You may be wondering how taxes can make such a big difference between states. Did you know, for middle-class earners, taxes are actually higher in Texas. How can that be? Texas raises most of its revenue from property and sales taxes, which hit upper-income earners less. That’s where we come in. We have a whole suite of strategies to minimize, defer, or even eliminate taxes when you sell your business, real estate, or other big-ticket assets.
Taxes were in the news this Memorial Day weekend: the new administration leaked word that the higher capital gains taxes included in their American Families Plan would be retroactive to April when they first rolled out the bill. That’s drawn predictable fire from the usual suspects on Team Red and the editorial staff at the Wall Street Journal.

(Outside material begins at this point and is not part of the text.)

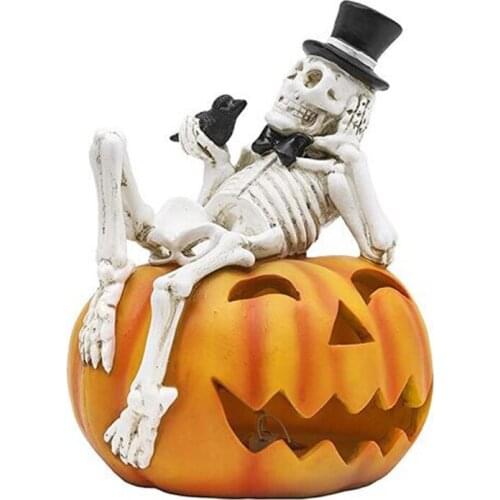 Halloween Pumpkin Skull Light Resin for Halloween Christmas Decoration Crafts Halloween Pumpkin Skull Light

Raising that rate from 20% to 39.6% is obviously a big deal. But even if it happens, it would only affect gains on sales for taxpayers making over $1 million in a single year. That’s a pretty elite company — just three out of every thousand Americans report earning that much. And those folks are concentrated in a handful of high-income, high-tax states, including 72,470 in California and 50,800 in New York. Alaska and West Virginia managed to scare up just 710 million-dollar earners each.
But what if we told you taxing the rich isn’t where the real action is? What if we told you the taxman was like a sleight-of-hand artist, distracting your eye with a flash of his right hand while he hides a rabbit in his hat with his left?
Everyone knows that taxes are higher in California than in Texas, right? California’s top income tax rate is 13.3%, while Texas charges (*checks notes*) nothing. That’s why half of California has moved to the Lone Star State in the last couple of years. Your mortgage dollar goes hella farther in Austin than it did in Tiburon, too. (Californians looking to make Caitlyn Jenner the next Governor might want to check if U-Haul is paying kickbacks to Gavin Newsom.)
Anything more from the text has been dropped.